═══ INPUT DATA

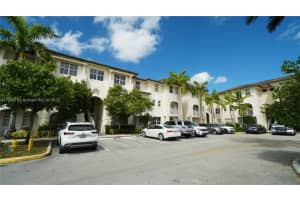 11605 NW 89th St APT 108, Doral, FL 33178, Sold 08/03/22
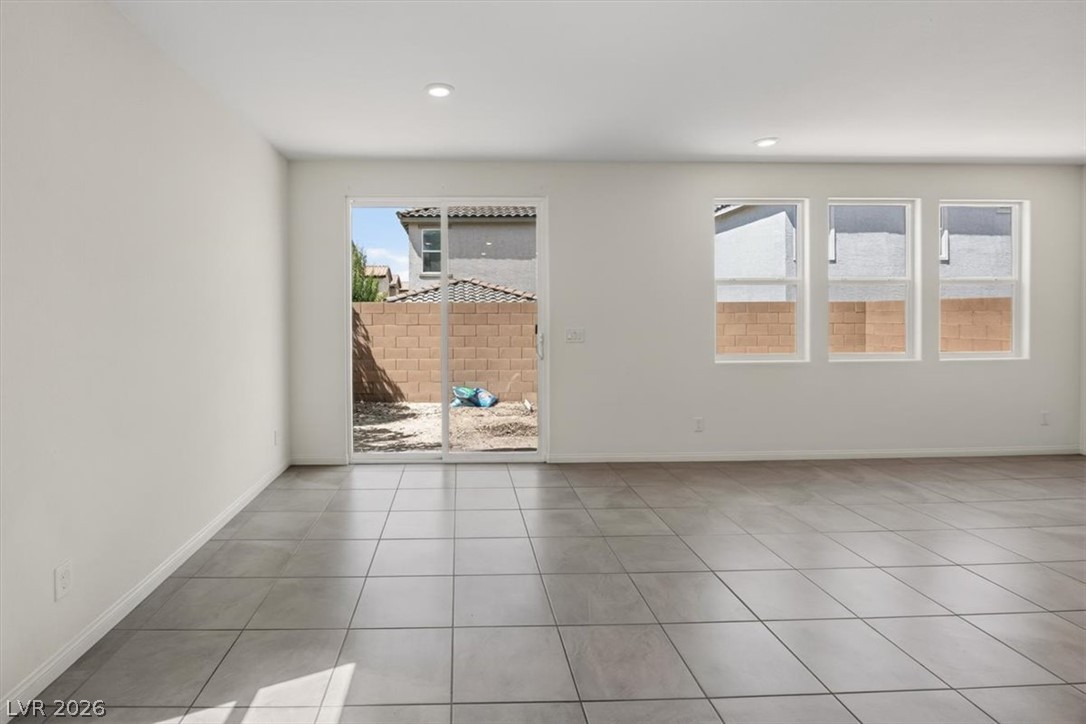 6588 Rustic Saddle Court Property Photo 12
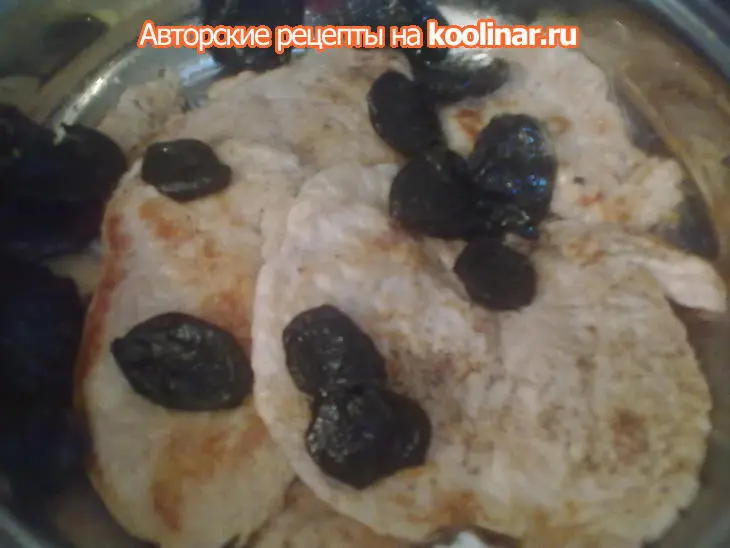 Куриная грудка с соусом "дор блю"+картофельные кнедлики...на гарнирр))): шаг 6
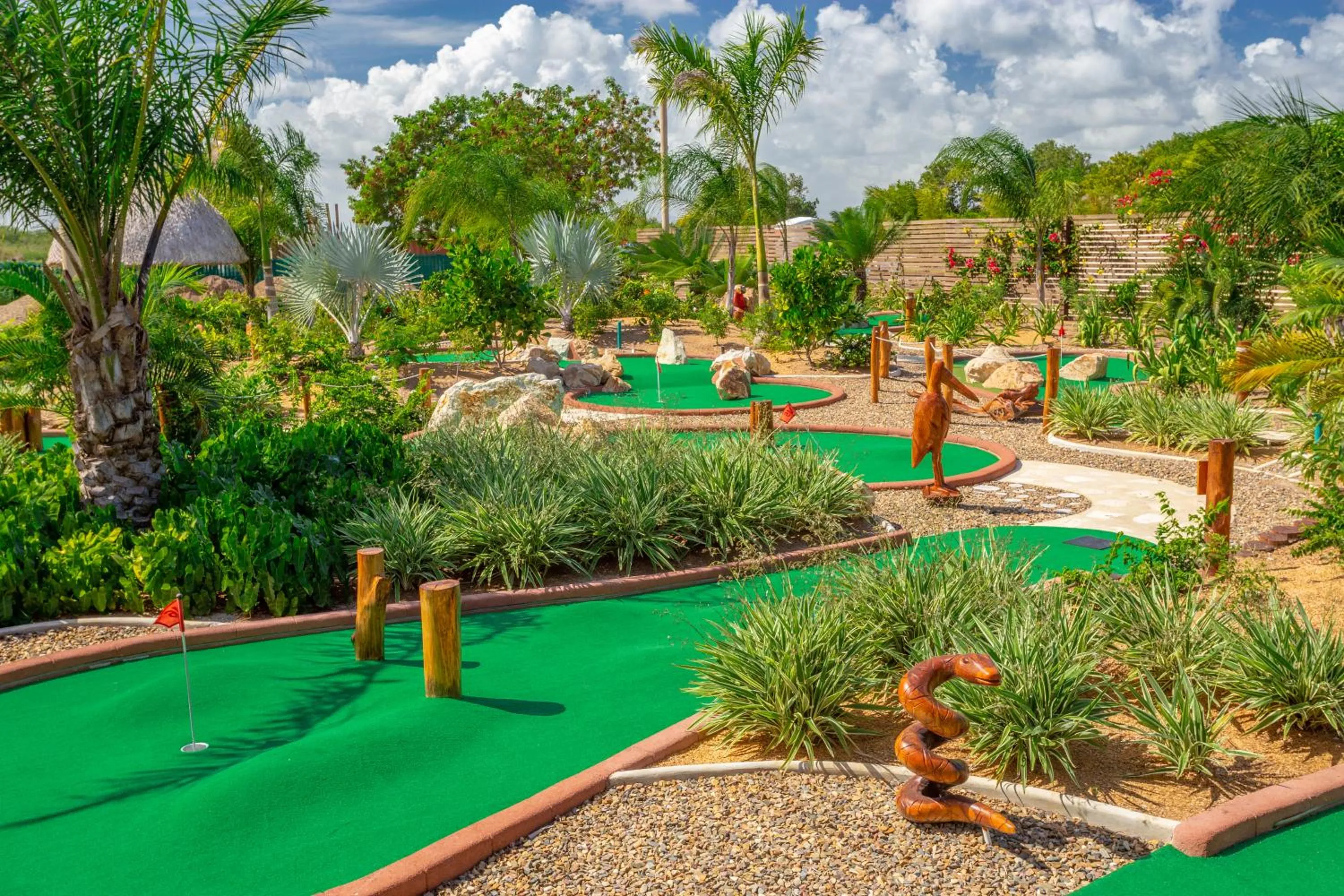 Minigolf in Sirenian Bay Resort -Villas & All Inclusive Bungalows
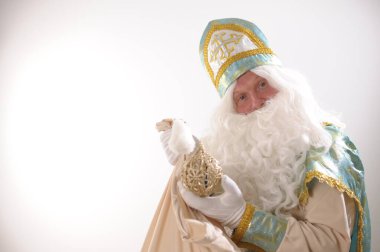 Harikalar Diyarı İşçisi Nicholas çantasından bir oyuncak çıkardı. Uzun beyaz sakal ve kış ayından kalma bir şapka. Bir peri masalı Sinterklaas Noel Baba 'nın Noel Baba' sı.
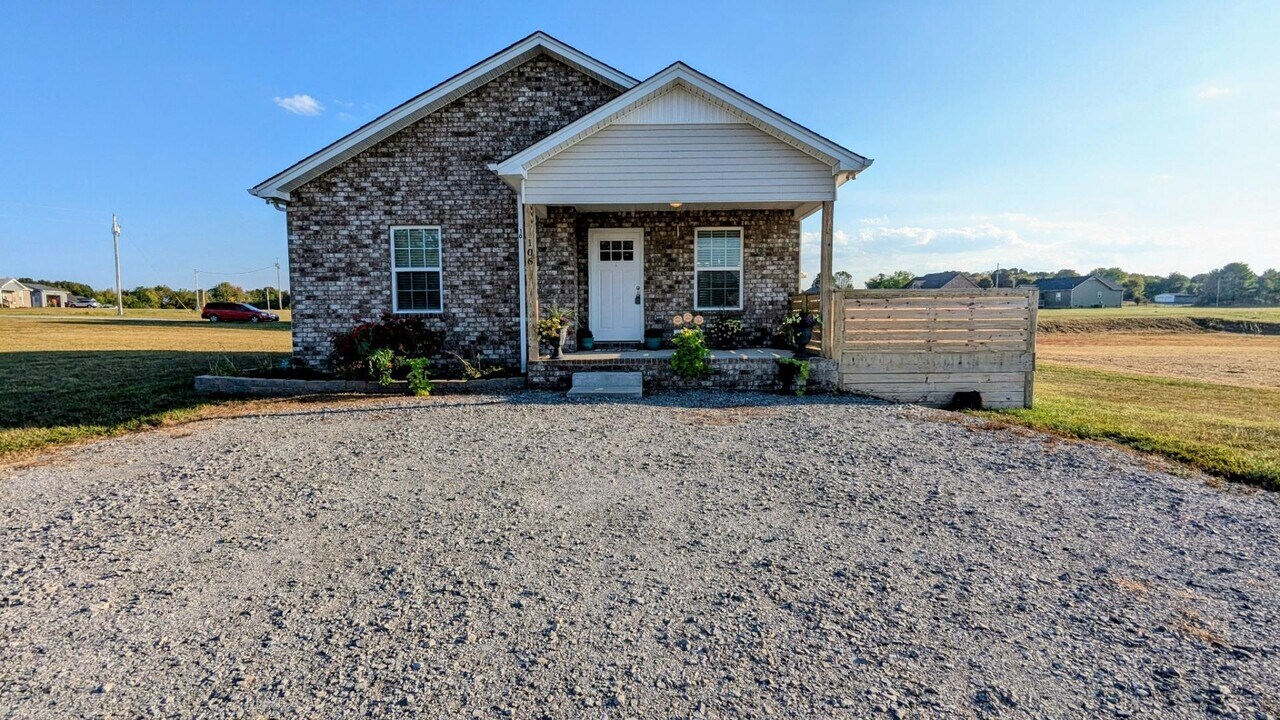 106 Breanna Blvd in Portland, TN - Building Photo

══════

→ **INSTRUCTIONS TO FOLLOW**:
A faithful copy of all the records is required, with the pictures left out.

→ **RESPONSE AREA**:
 11605 NW 89th St APT 108, Doral, FL 33178, Sold 08/03/22
 6588 Rustic Saddle Court Property Photo 12
 Куриная грудка с соусом "дор блю"+картофельные кнедлики...на гарнирр))): шаг 6
 Minigolf in Sirenian Bay Resort -Villas & All Inclusive Bungalows
 Harikalar Diyarı İşçisi Nicholas çantasından bir oyuncak çıkardı. Uzun beyaz sakal ve kış ayından kalma bir şapka. Bir peri masalı Sinterklaas Noel Baba 'nın Noel Baba' sı.
 106 Breanna Blvd in Portland, TN - Building Photo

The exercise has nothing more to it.